Und weiter: "Der Präsident hat da niemanden gefordert. Ich habe Javi gegen Augsburg gebracht. Das war einzig und allein die Entscheidung vom Trainerteam meiner Person. Ich tausche mich mit Uli oft aus. Alles was Uli sagt, muss man nicht versuchen irgendwie zu interpretieren."

Und steht Thomas Müller gegen Olympiakos Piräus mal wieder in der Startelf? Kovac wollte sich nicht in die Karten schauen lassen, sagte dazu: "Der Thomas ist ein wichtiger Bestandteil, wie jeder andere auch. Ob er morgen spielt oder in den nächsten Wochen, wird die Zukunft zeigen. Ich weiß, welche Wertigkeit er hat, das wird er dieses Jahr, heute, morgen, übermorgen auch beweisen."

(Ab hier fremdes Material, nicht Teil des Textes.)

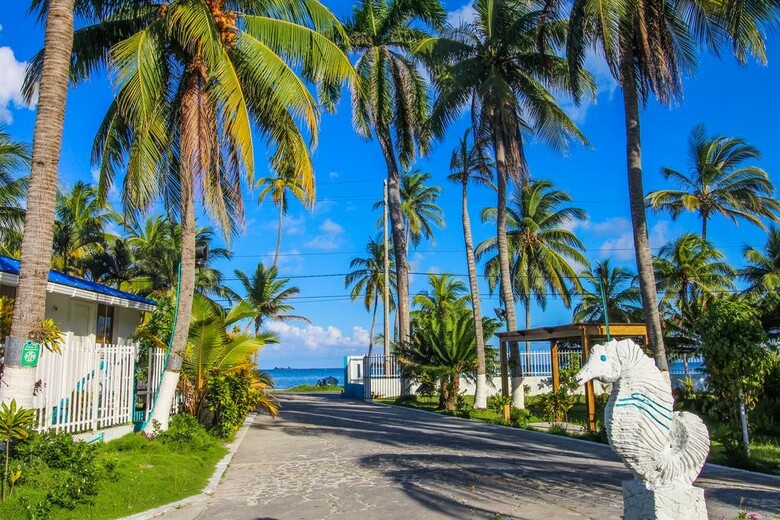 Hotel On Vacation Sea Horse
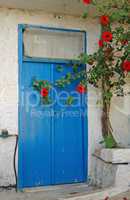Hibiskus an blauer Tür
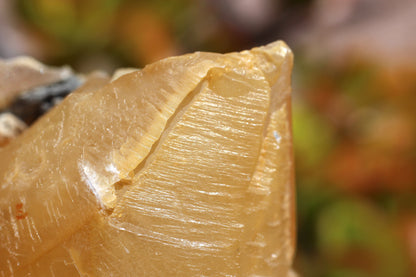 Golden Calcite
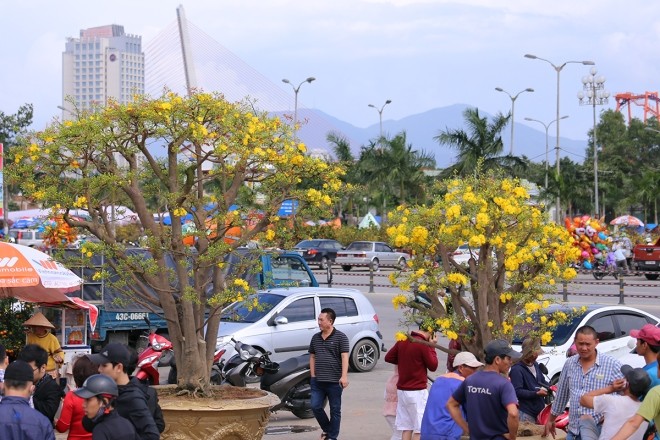 Tại chợ hoa Xuân Đà Nẵng, cây mai cao 3 mét được trưng bán trước khu vực Quảng trường 2 tháng 9 đang thu hút nhiều người đến chiêm ngưỡng.
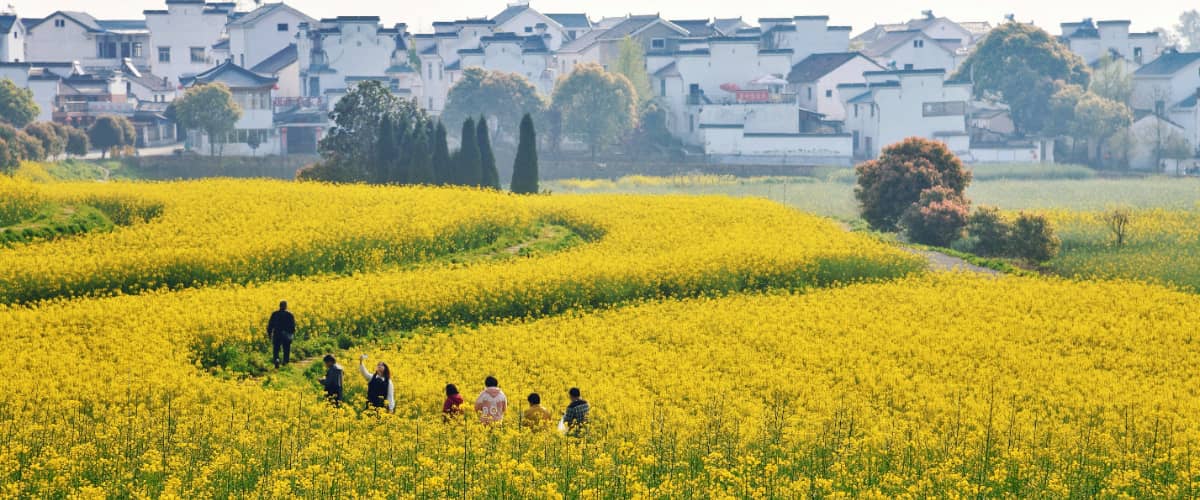 高淳桠溪慢城油菜花海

Bayern hat seit 2017 nicht mehr auswärts in der Champions League verloren

Der FC Bayern ist in der Champions League seit zehn Auswärtspartien ungeschlagen (sieben Siege, drei Unentschieden). Es ist die längste Serie dieser Art seit dem Zeitraum von Oktober 2012 bis April 2014, als die Münchner ebenfalls so oft nacheinander auswärts unbesiegt blieben. Im Gruppenspiel am Dienstag bei Olympiakos Piräus könnte der Vereinsrekord verbessert werden. Die letzte Niederlage in einem Auswärtsspiel der Königsklasse kassierte der deutsche Fußball-Meister beim 0:3 gegen Paris Saint-Germain im September 2017, das zur anschließenden Trennung von Trainer Carlo Ancelotti führte.